→ **TASK ITEM**
Please repeat each line below exactly, with no images in the copy.
Top of PROVIDED MATERIAL
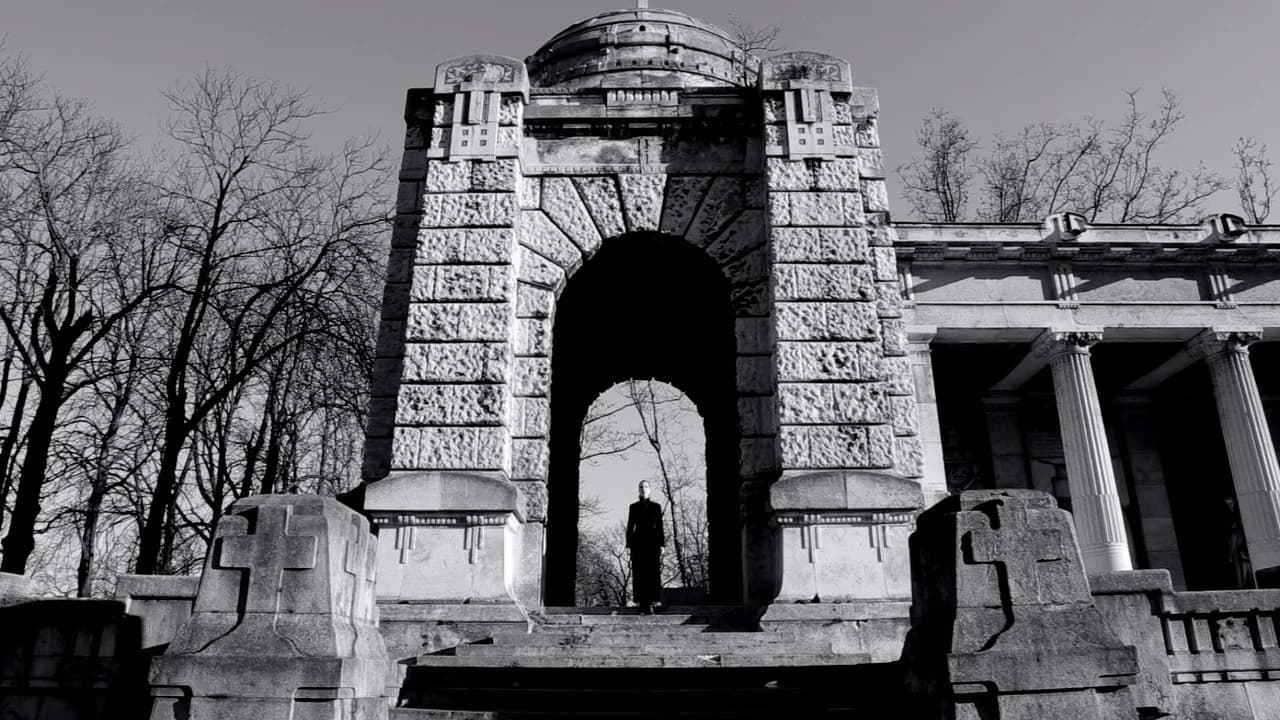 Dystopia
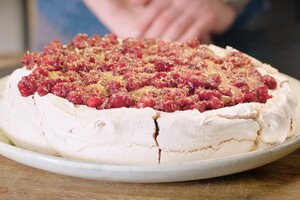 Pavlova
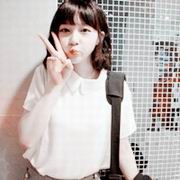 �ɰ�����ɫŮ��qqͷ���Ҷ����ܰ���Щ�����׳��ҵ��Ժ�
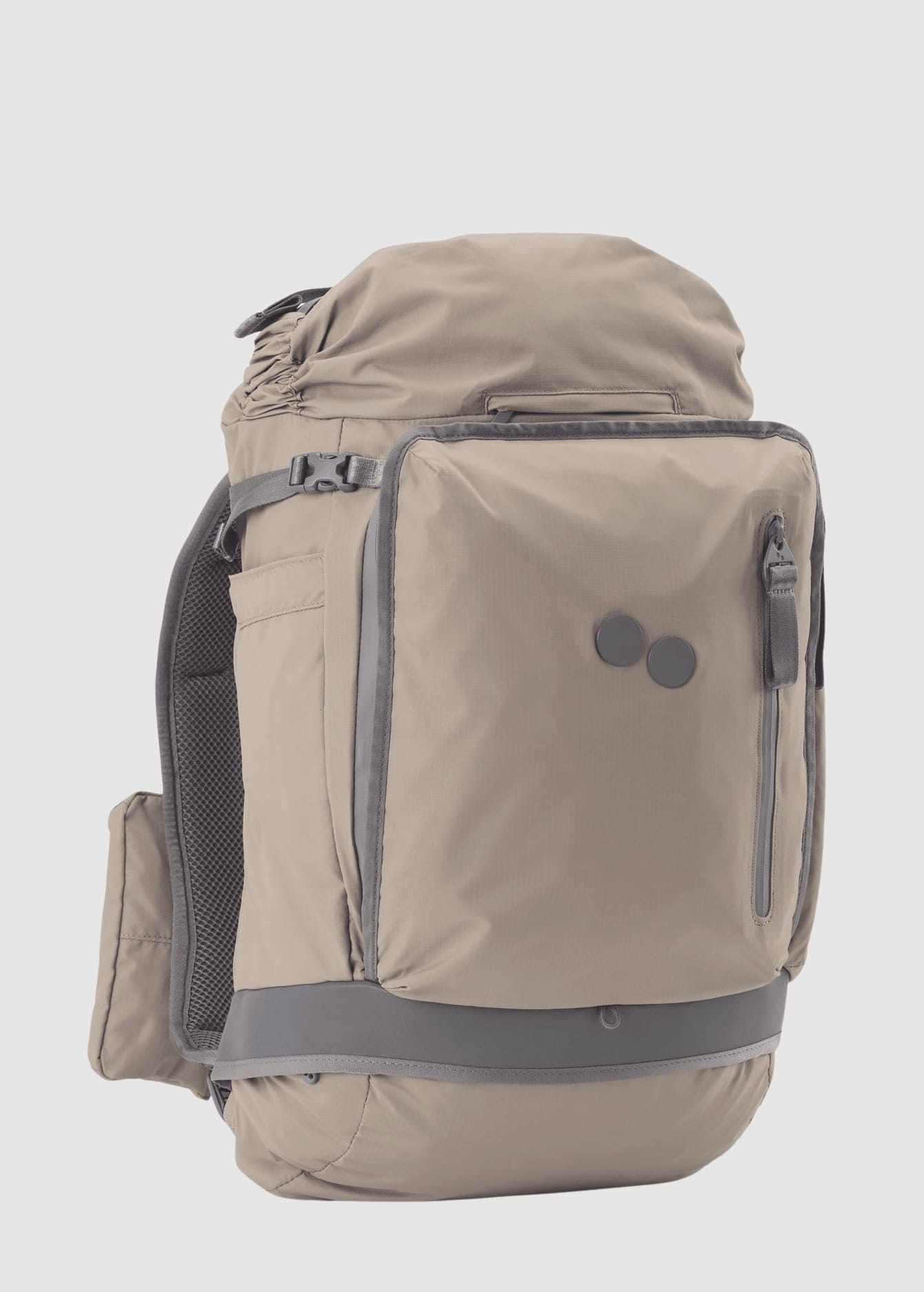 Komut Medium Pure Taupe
Bottom of PROVIDED MATERIAL
→ **OUTPUT OF THE TASK**
 Dystopia
 Pavlova
 �ɰ�����ɫŮ��qqͷ���Ҷ����ܰ���Щ�����׳��ҵ��Ժ�
 Komut Medium Pure Taupe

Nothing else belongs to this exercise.